Not anymore. Real estate prices are down across the country and interest rates are at an all-time low. So is now the time to buy?
It depends on your situation, says Randy Coutts, credit manager for Calgary’s Bridgewater Bank. First, he says, “renting offers advantages, including a great deal of flexibility. If you’re not sure you’ll be living in a particular city for any length of time, for example, then you don’t have to worry about fluctuations in the real estate market or the headaches and costs of selling.” And renting is a lot less expensive than being a homeowner. Renters don’t have to come up with down payments (a minimum five per cent these days), insurance costs are lower due to insuring contents-only as opposed to contents and structure, and there are no property taxes or maintenance costs. Plus, with fewer homes now selling, an increasing number of properties already on the market are likely to wind up offered as rentals – driving rental suite availability up and prices down.

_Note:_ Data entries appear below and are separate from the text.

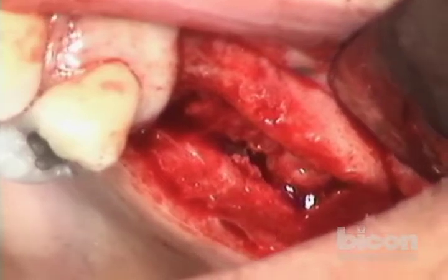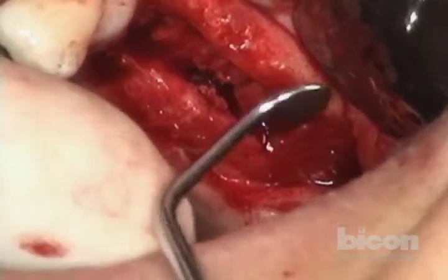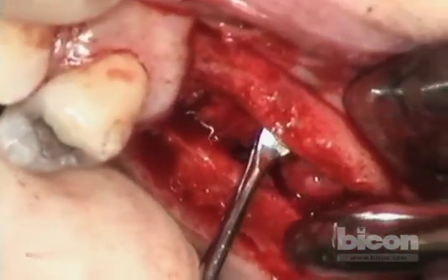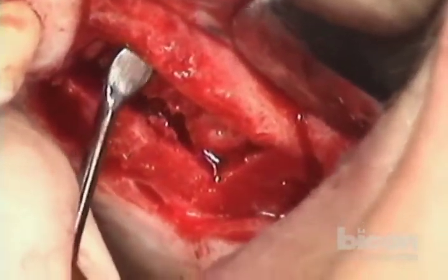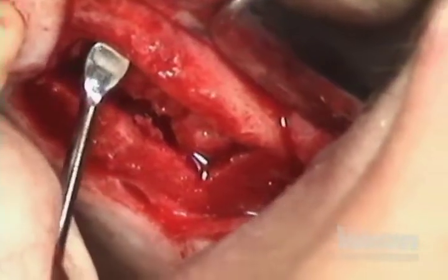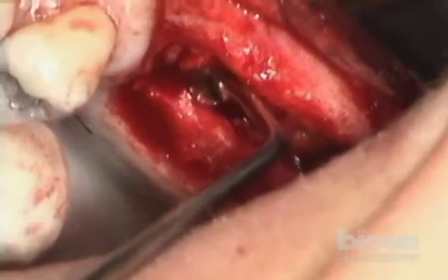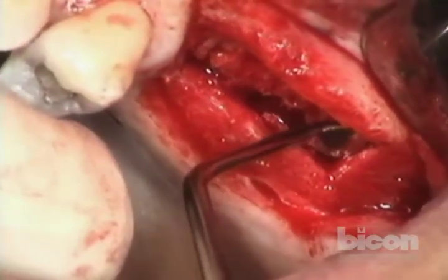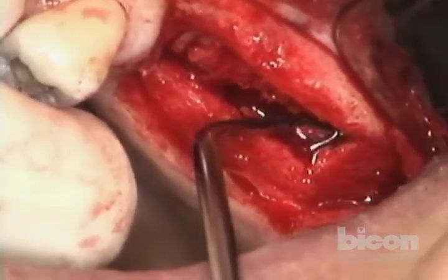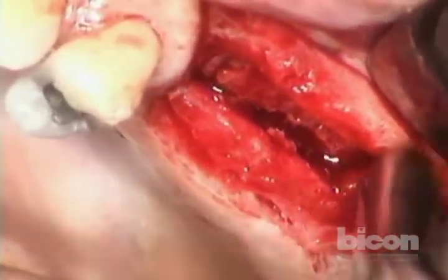Before I continue, since we've completed that, I just want to make sure that the membrane is still intact. This is a regular sinus lift curette — I'm going to make sure this is freed up, no holdups and hang-ups. That allows us to hug the floor of the sinus, mobilizing everything. I want to get the distal part freed up and cleaned up.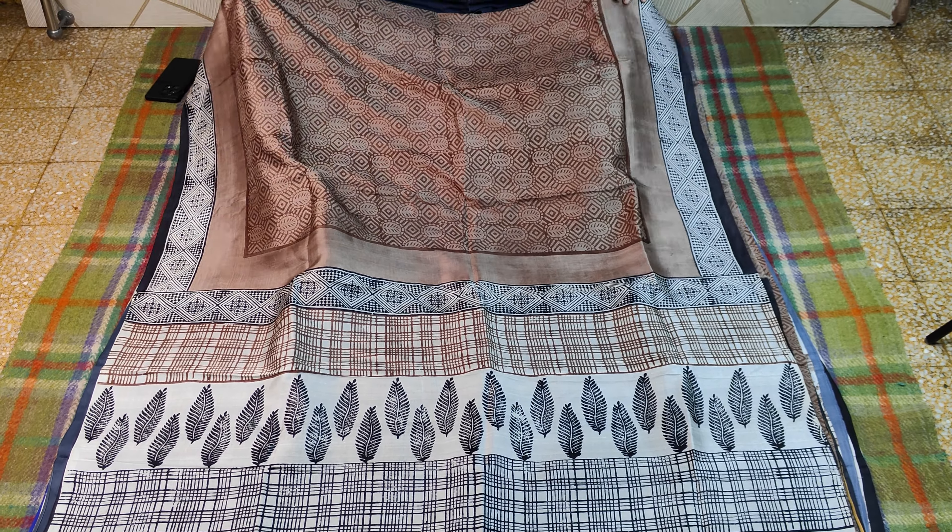This is a traditional block print which is available on the counter, and the demand is available.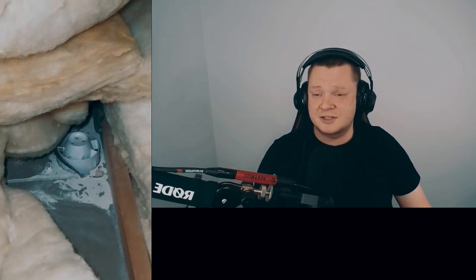They need to connect it because otherwise that's just going to be blowing moisture into the loft — absolutely shocking. All the moisture is going to blow straight into the loft.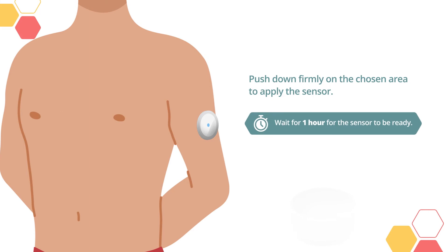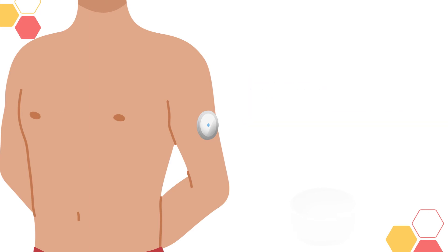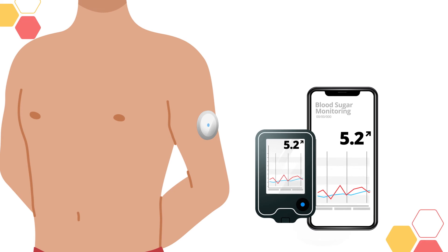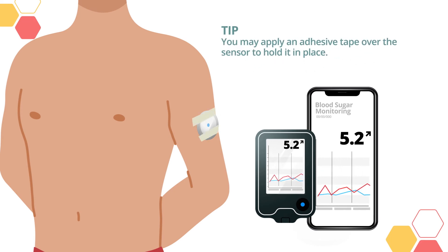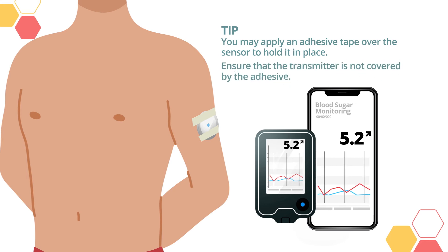Wait for one hour for the sensor to be ready. You can then check your reading device or smartphone to see the sugar levels. You may apply adhesive tape over the sensor to hold it in place. Ensure that the transmitter is not covered by the adhesive.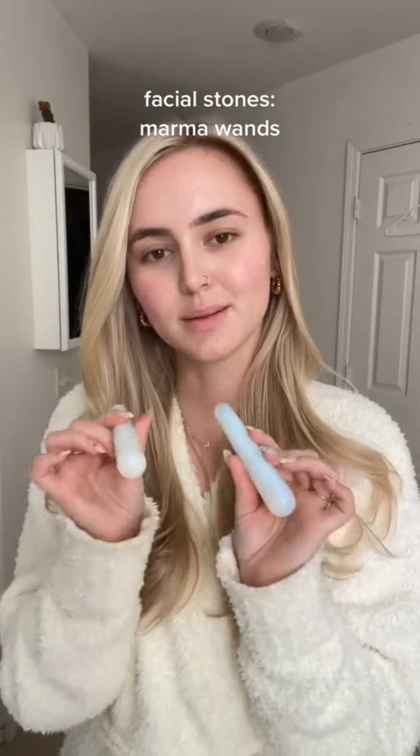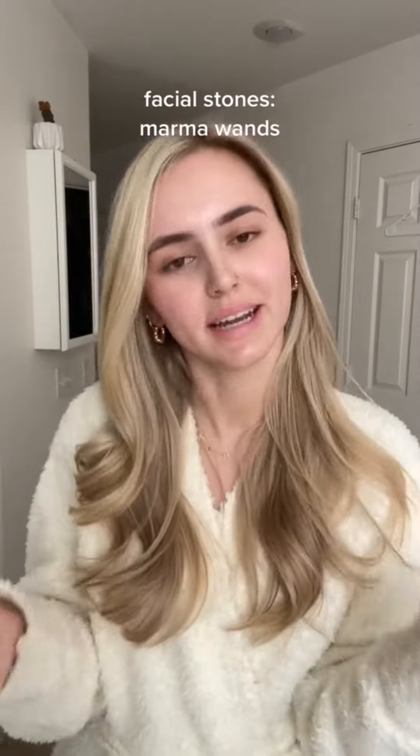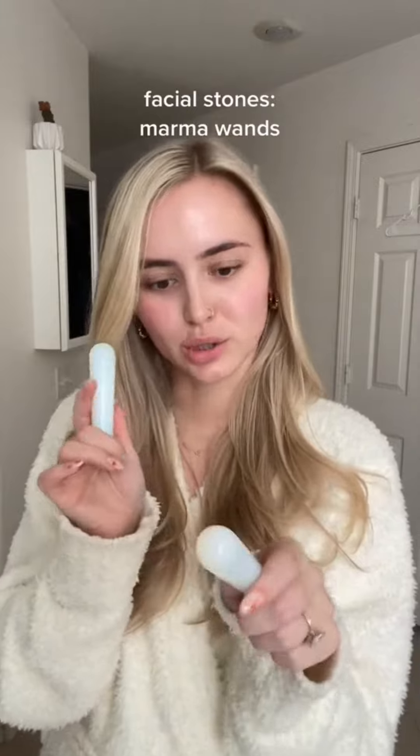I'm back talking about some more stones and some of the reasons that I love them and why you should love them too. Today I'm talking about marma wands. You may have seen these before — I've shared them before — but these are to activate the marma points in your face, or really your whole body.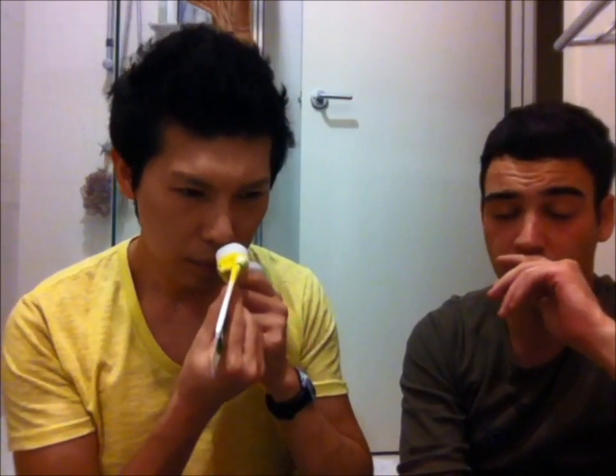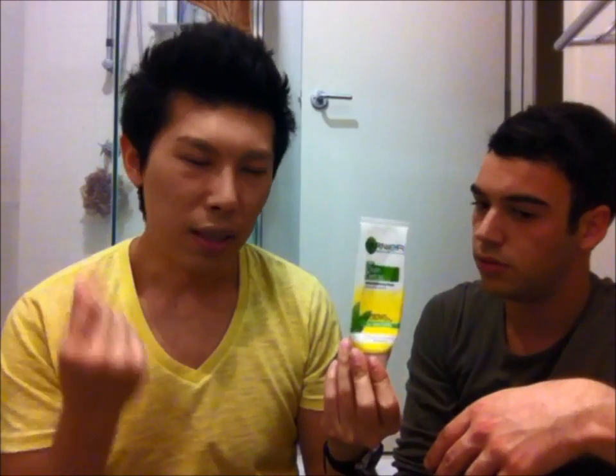This is Garnier Clean Detox Gentle Brightening Foam with pure lemon essence. I love lemon. It's very foaming and it smells a bit weird but it's really good. You can't get it anymore. It's really good if you have acne. The new one actually has little exfoliating beads inside. We liked this one.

However, there has been – and always will be – one big knock when it comes to renting. The money paid in rent is gone forever. Owning a home, on the other hand, allows buyers to build equity and enjoy a place they can call their own while remodelling it to suit personal preferences. And while home prices may now be on the way down, in the long term, says Coutts, real estate has proven to be a good investment. The economy may be reeling at the moment, he notes, but eventually it will recover. When it does, home prices will stabilize and the price pendulum will start swinging the other way again.
Five Tips for Buyers
You’re a first-time buyer ready to take the plunge? Keep in mind:
• On a monthly basis, it typically costs more to buy than rent a home of equal value. In addition to a mortgage, homeowners must factor in property taxes, ongoing maintenance, legal fees (such as closing costs) and higher insurance premiums. And with down payments of less than 20 per cent, mortgage insurance is required.
• It’s important to set aside a nest egg for emergencies – the lack of which is behind many of the foreclosures currently taking place in North America. A temporary loss of income or the need for a new furnace shouldn’t sink the ship.

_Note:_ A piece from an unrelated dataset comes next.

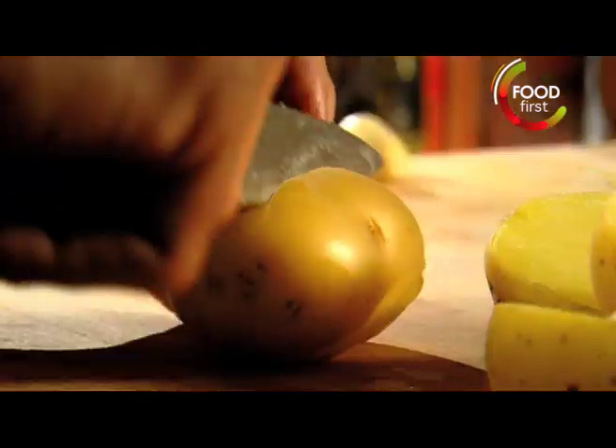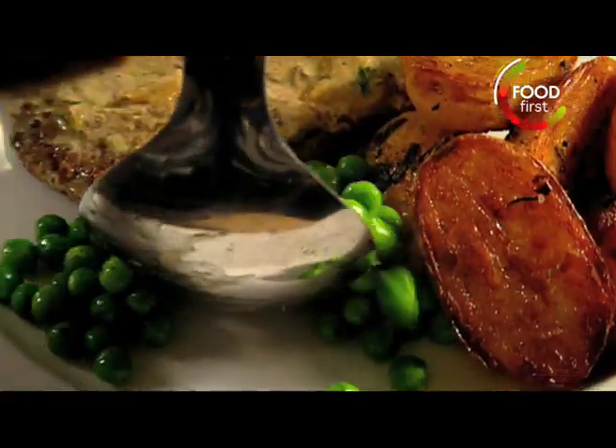For the sauté potatoes, heat oil. Slice the parboiled potatoes in half and place cut side down. Season, add crushed garlic and rosemary. Plate up and spoon the sauce over the steaks.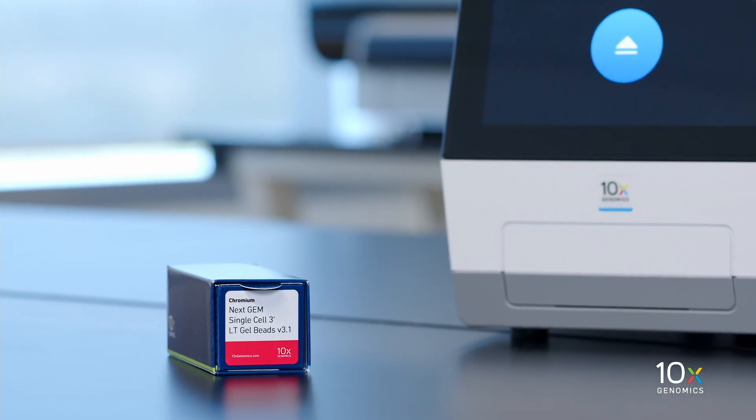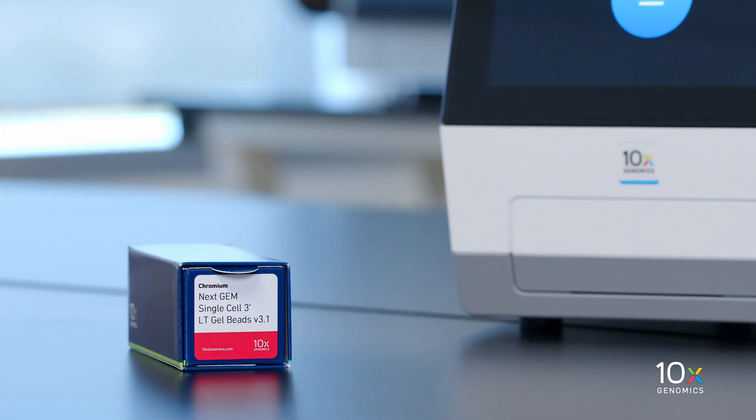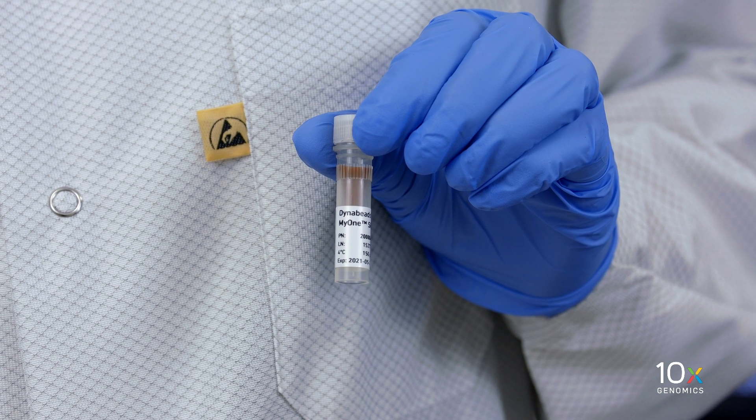The Chromium NextGem Single Cell 3' LT Gel Bead Kit V3.1 is stored at minus 80 degrees Celsius. The DynaBeads Mi1 Silane are stored at 4 degrees Celsius.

• Those buying condos also have monthly condo fees to pay. Potentially, monies to cover assess-ments for repairs and upgrades are also needed. Buyers are strongly advised to carefully examine strata council minutes for indications of upcoming expenditures.
• A home inspection is strongly recommended prior to buying; it’s the best $400 a prospective homeowner can ever spend.
• The importance of shopping around for the best mortgage rates and terms. (Obvious, but sometimes overlooked.)
• A final cautionary math note: mortgage sellers frequently use mortgage calculators to illustrate the advantages of buying over renting. But, as noted, such calculations frequently omit many relevant costs – and almost never emphasize the need to have contingency funds set aside for emergencies.
We Canadians are getting used to the media telling us that the sub-prime mortgage issue causing so much havoc south of the border can’t happen here. But is it true? Maybe. Despite the fact that Canadian banks are typically more assiduous at vetting borrowers’ income and asset statements, and the fact that the mortgage default rate in Canada is a manageable 0.33 per cent, declining house prices and mounting job losses could drive this number into the one- to two-per-cent range. “That may not sound like much, but for the banks it would be a concern,” says Bridgewater’s Randy Coutts. As for Canadians, it could lead to increased credit restrictions and a further drop in both consumer spending and house prices.